▶ Given material:
- Opening Delimiter -

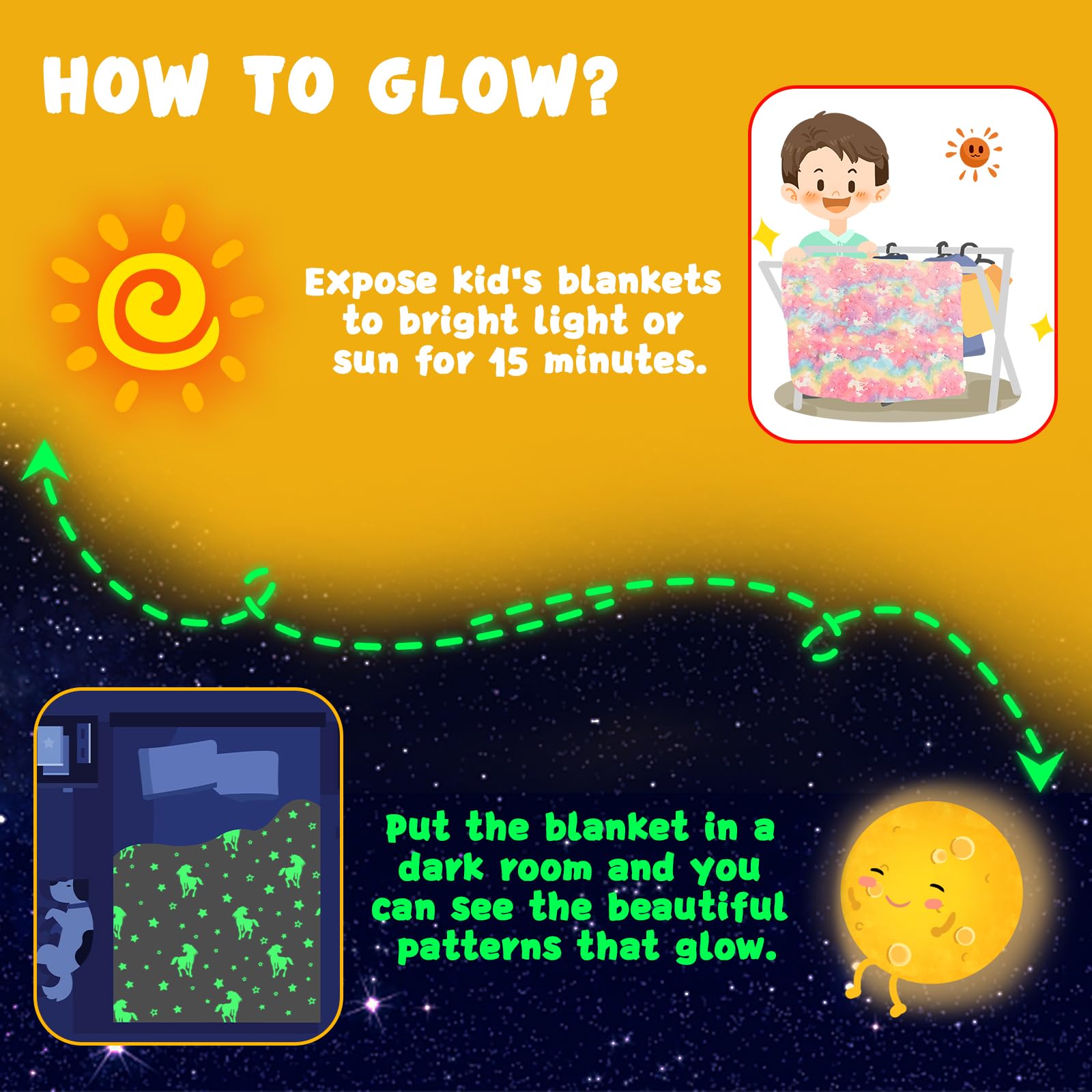 Inhand Unicorn Toys Glow In The Dark For Blanket,Unicorn Gifts For Girls Age 1 2 3 4 5 6 7 8 9 10 Birthday Halloween Christmas C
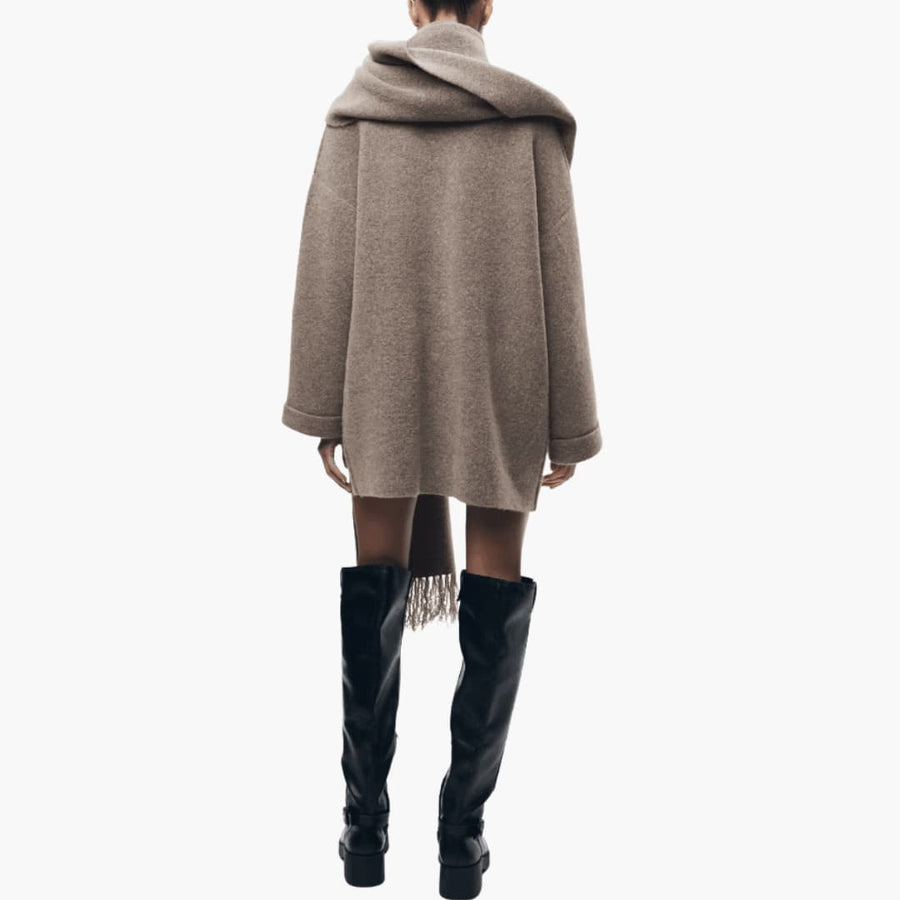 Viola | Button-Up Cardigan with Matching Scarf and Long Sleeves view 8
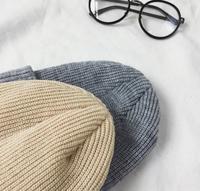 Gorro de punto de calavera lisa con puños Unisex de diseño personalizado de alta calidad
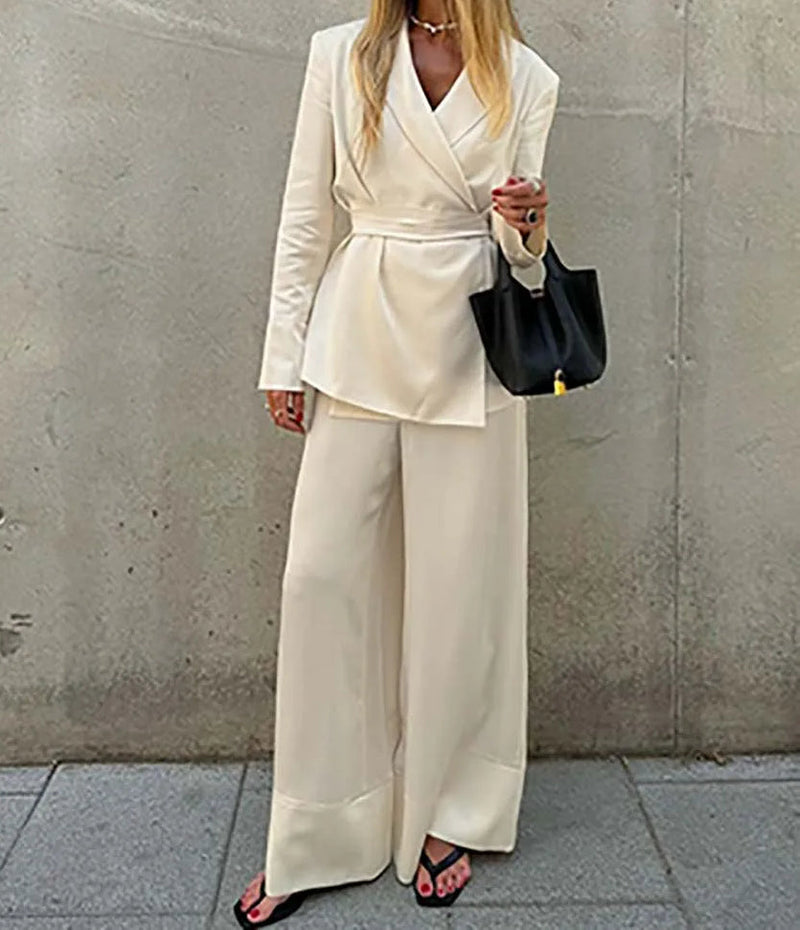 Apricot Lace-up Straight Trousers Office Two Piece Set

- Closing Delimiter -

▶ Requirement: Your task is to repeat the listing exactly while omitting its pictures.

▶ Task answer:
 Inhand Unicorn Toys Glow In The Dark For Blanket,Unicorn Gifts For Girls Age 1 2 3 4 5 6 7 8 9 10 Birthday Halloween Christmas C
 Viola | Button-Up Cardigan with Matching Scarf and Long Sleeves view 8
 Gorro de punto de calavera lisa con puños Unisex de diseño personalizado de alta calidad
 Apricot Lace-up Straight Trousers Office Two Piece Set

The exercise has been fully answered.